トルーマン大統領のもとにやってきた部下が「広島への爆撃は完璧な成功です。これまでどの実験よりも素晴らしい結果でした」と電信文を読み上げる。すると大統領は、「これは歴史上、最も偉大な成果だ」と顔をほころばせ、部下と握手を交わす──これは米国でベストセラーとなっている“ノンフィクション作品”に登場する一場面だ。
タイトルは『Killing the Rising Sun』(以下、『キリング』)。著者のビル・オライリー氏は米FOXテレビのニュース番組でアンカーマンを務める保守系コメンテーターである。表題にある「ライジング・サン」はもちろん日本を指しているから穏やかではない。
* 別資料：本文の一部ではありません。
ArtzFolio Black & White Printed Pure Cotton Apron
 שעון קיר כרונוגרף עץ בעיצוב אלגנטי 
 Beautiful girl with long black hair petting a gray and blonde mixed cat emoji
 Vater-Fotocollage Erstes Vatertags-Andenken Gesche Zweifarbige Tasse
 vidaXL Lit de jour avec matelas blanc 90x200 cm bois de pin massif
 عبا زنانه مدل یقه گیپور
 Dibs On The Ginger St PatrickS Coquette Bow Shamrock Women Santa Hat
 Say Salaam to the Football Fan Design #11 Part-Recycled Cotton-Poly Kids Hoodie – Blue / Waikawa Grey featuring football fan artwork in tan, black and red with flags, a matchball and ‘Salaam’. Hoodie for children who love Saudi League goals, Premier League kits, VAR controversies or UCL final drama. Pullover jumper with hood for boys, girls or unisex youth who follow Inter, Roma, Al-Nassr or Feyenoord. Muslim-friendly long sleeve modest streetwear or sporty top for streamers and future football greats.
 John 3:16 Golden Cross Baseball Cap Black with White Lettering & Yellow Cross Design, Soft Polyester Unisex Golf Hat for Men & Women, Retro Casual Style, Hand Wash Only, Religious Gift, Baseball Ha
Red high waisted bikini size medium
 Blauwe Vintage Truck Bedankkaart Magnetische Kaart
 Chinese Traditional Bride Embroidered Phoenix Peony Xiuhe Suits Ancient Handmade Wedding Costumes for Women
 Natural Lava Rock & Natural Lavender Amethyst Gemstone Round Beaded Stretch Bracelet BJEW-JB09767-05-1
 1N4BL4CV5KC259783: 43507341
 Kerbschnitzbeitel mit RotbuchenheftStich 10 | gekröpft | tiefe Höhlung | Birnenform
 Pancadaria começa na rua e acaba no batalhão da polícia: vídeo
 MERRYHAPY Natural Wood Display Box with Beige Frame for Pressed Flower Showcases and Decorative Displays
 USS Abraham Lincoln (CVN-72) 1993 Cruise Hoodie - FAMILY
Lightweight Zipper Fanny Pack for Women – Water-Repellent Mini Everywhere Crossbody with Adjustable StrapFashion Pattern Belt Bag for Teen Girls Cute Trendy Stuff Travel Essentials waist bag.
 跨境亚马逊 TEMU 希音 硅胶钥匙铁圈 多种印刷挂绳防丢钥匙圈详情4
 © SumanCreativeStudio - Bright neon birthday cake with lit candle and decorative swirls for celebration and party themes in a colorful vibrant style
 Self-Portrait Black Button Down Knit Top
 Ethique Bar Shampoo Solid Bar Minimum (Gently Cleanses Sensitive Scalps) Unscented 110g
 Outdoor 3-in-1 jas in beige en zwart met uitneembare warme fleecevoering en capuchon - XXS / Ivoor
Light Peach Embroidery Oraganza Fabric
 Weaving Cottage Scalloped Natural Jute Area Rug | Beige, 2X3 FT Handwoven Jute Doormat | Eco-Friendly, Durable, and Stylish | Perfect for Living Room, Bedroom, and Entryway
現地紙記者が解説する。
「9月に発売された同書は約3か月で50万部に達した。内容は、同書の副題『第二次大戦で米国は日本をどう屈服させたか』の通りです。ノンフィクション作品に分類されているものの、再現ドラマ風に描かれていて、場面がペリリュー島、硫黄島からワシントンの大統領執務室、東京の皇居内といった具合に章ごとに次々変わりながら展開します」
冒頭で紹介した描写からわかるように“勝者の論理”が全面展開される作品だ。米国政治に詳しい中岡望・東洋英和女学院大学客員教授が解説する。
「オライリー氏の著作は、インテリ層や専門家向けというより大衆向けのものです。過去の著作も含めて非常に人気が高い。今回の『キリング』の基本メッセージはシンプルで、原爆投下の正当化です。“ペリリュー島や硫黄島で多くの米兵が死んだ。武士道精神など特殊な倫理観を持つ日本人は最後の一人まで戦うといっているから、米兵の犠牲を少なくするために原爆投下する”というロジックです」
背景には5月に広島を訪問したオバマ米大統領への批判があるようだ。
「2009年のプラハでの核軍縮演説も、広島訪問も米国の保守派は快く思わなかった。オバマ氏の広島訪問を批判したトランプ氏が大統領選に勝ったことからもわかるように“原爆投下は正当な行為”という価値観は根強い」(前出・現地紙記者)
このベストセラー本にあるような記述が“アメリカの本音”ということか。